For more information about Unity Catalog privileges, see Unity Catalog privileges and securable objects.
Load data from a volume
To load data from a Unity Catalog volume, you must have the READ VOLUME
privilege. Volume privileges apply to all nested directories under the specified volume.
For example, if you have access to a volume with the path /Volumes/quickstart_catalog/quickstart_schema/quickstart_volume/
, the following commands are valid:
COPY INTO landing_table
FROM '/Volumes/quickstart_catalog/quickstart_schema/quickstart_volume/raw_data'
FILEFORMAT = PARQUET;
COPY INTO json_table
FROM '/Volumes/quickstart_catalog/quickstart_schema/quickstart_volume/raw_data/json'
FILEFORMAT = JSON;
Optionally, you can also use a volume path with the dbfs scheme. For example, the following commands are also valid:
COPY INTO landing_table
FROM 'dbfs:/Volumes/quickstart_catalog/quickstart_schema/quickstart_volume/raw_data'
FILEFORMAT = PARQUET;
COPY INTO json_table
FROM 'dbfs:/Volumes/quickstart_catalog/quickstart_schema/quickstart_volume/raw_data/json'
FILEFORMAT = JSON;
Load data using an external location
The following example loads data from S3 into a table using Unity Catalog external locations to provide access to the source code.
COPY INTO my_json_data
FROM 's3://landing-bucket/json-data'
FILEFORMAT = JSON;
External location privilege inheritance
External location privileges apply to all nested directories under the specified location.
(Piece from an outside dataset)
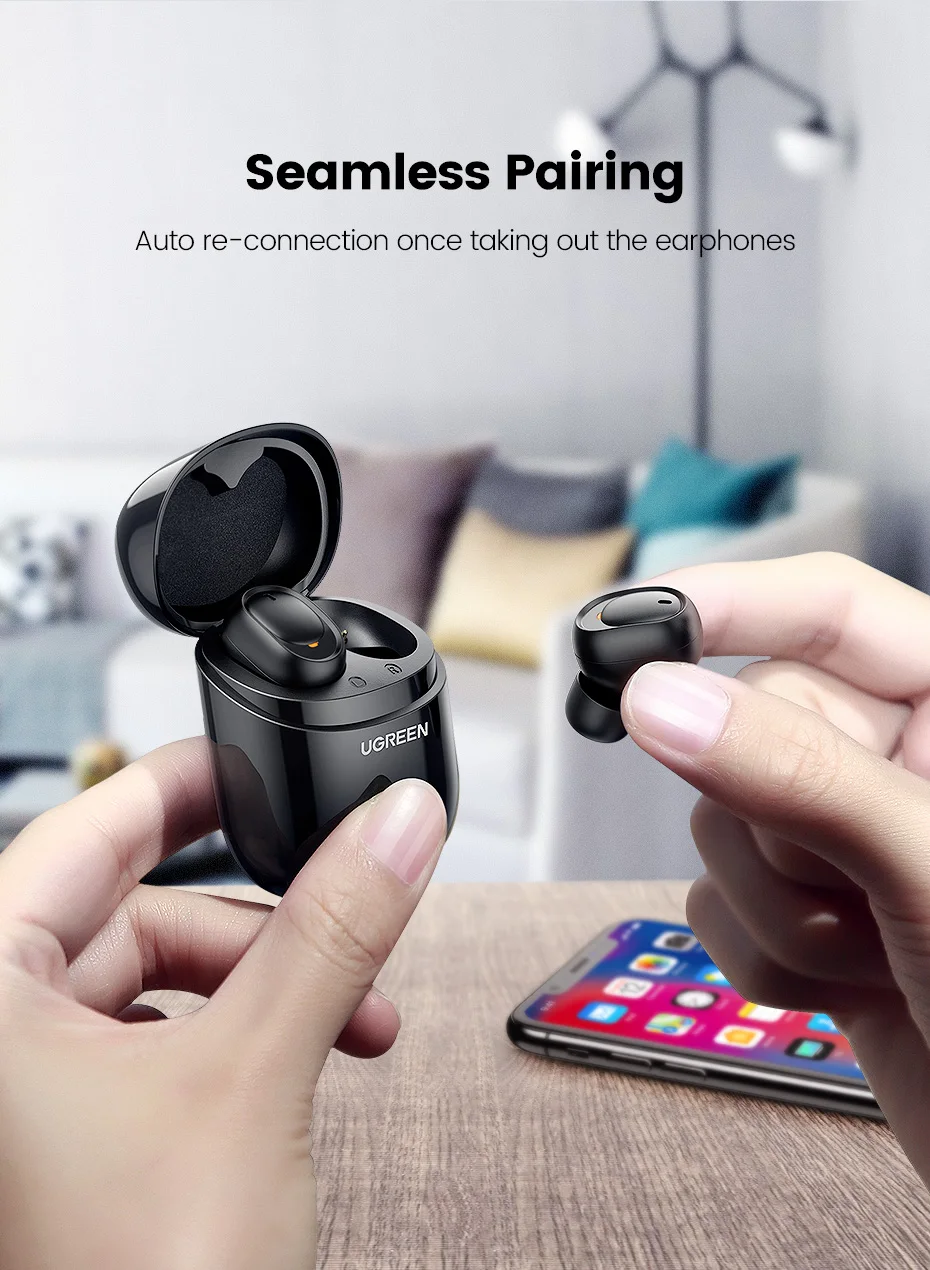 Ugreen bluetooth earphone 5.0 tws true wireless earbuds stereo handsfree in ear phone gaming sport headset (black)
For example, if you have access to an external location defined with the URL s3://landing-bucket/raw-data
, the following commands are valid:
COPY INTO landing_table
FROM 's3://landing-bucket/raw-data'
FILEFORMAT = PARQUET;
COPY INTO json_table
FROM 's3://landing-bucket/raw-data/json'
FILEFORMAT = JSON;
Permissions on this external location do not grant any privileges on directories above or parallel to the location specified. For example, neither of the following commands are valid:
COPY INTO parent_table
FROM 's3://landing-bucket'
FILEFORMAT = PARQUET;
COPY INTO sibling_table
FROM 's3://landing-bucket/json-data'
FILEFORMAT = JSON;
Three-level namespace for target tables
You can target a Unity Catalog table using a three tier identifier (<catalog_name>.<database_name>.<table_name>
). You can use the USE CATALOG <catalog_name>
and USE <database_name>
commands to set the default catalog and database for your current query or notebook.